Fulacht fia, Curracahill, Co. Cork
Co. Cork |
Settlement Sites
In a pasture field in Curracahill, Co. Cork, the ground quietly holds the remnants of a cooking technology used across Ireland for thousands of years.
The field is known locally as the "big meadow", and it runs along the north side of a stream, which is precisely where you would expect to find a fulacht fia. These are ancient outdoor cooking sites, typically Bronze Age in date, where water was heated by dropping fire-cracked stones into a trough; the shattered, blackened stone accumulated in a horseshoe-shaped mound around the pit, and it is this burnt material that tends to survive.

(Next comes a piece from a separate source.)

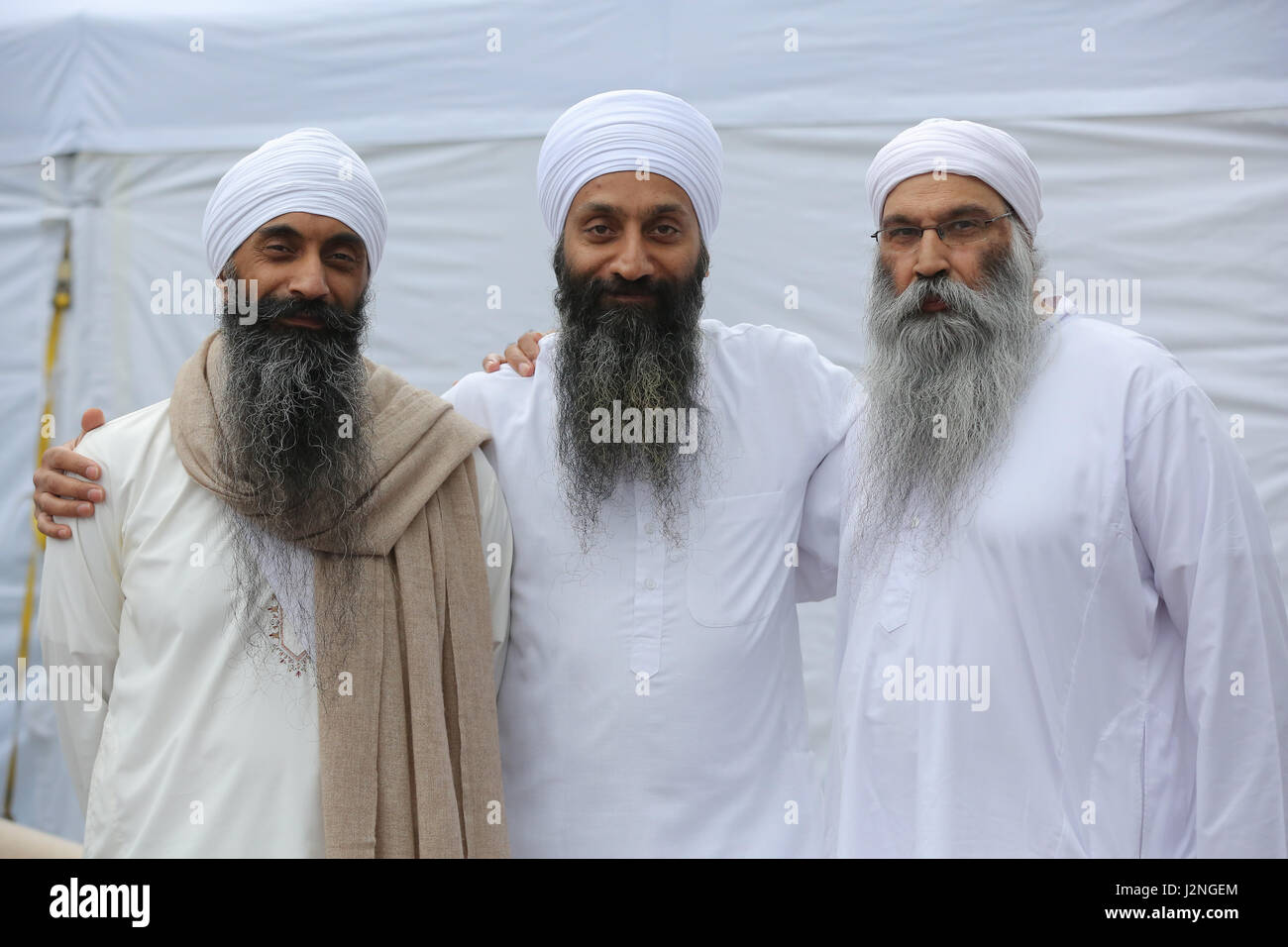 London, UK. 29. April 2017. Sikh-Männer posieren für Fotos. Hunderte von Menschen besuchen das Vaisakhi Festival auf dem Trafalgar Square. Das Vaisakhi-Festival ist ein religiöses fest, das die Sikh-Neujahr markiert. Diesjährigen Feierlichkeiten fand am 14. April der Beginn des Sikhismus als einen kollektiven glauben erinnert und Londoner Feierlichkeiten sind eine Möglichkeit für Menschen aus allen Gemeinden, Glaubensrichtungen und Hintergründe, eine Festival zu erleben, die von Sikhs, die Leben in der Hauptstadt und über 20 Millionen Menschen auf der ganzen Welt gefeiert wird. Bildnachweis: Dinendra Haria/Alamy Live-Nachrichten Stockfoto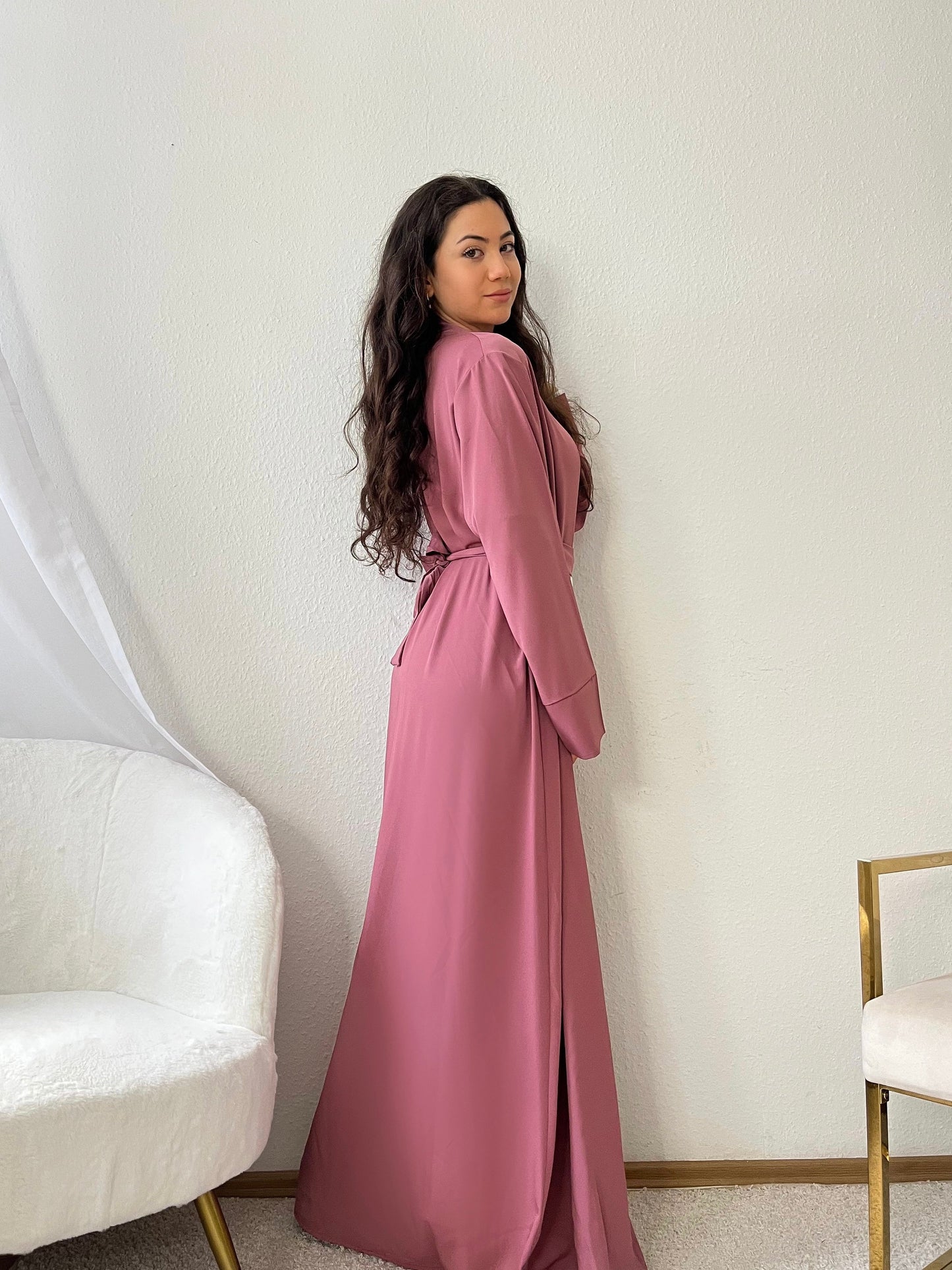 Langer Kimono mit Bindegürtel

What survives at Curracahill is slight but telling. Burnt material spreads for roughly seven metres along a field fence running parallel to the stream, and its depth varies considerably, from around fifteen centimetres on the north side of the fence to as much as 1.2 metres on the south side. That variation in depth suggests the mound was once more substantial, and that the fence line cuts across it at an angle. By the time Broker recorded the site in 1937, the structure had already been cleared, the note reading simply that it was "removed long since, traces there still." The site was, in other words, already a ghost of itself nearly ninety years ago, reduced to scorched earth and the faint profile of what had once been a working mound.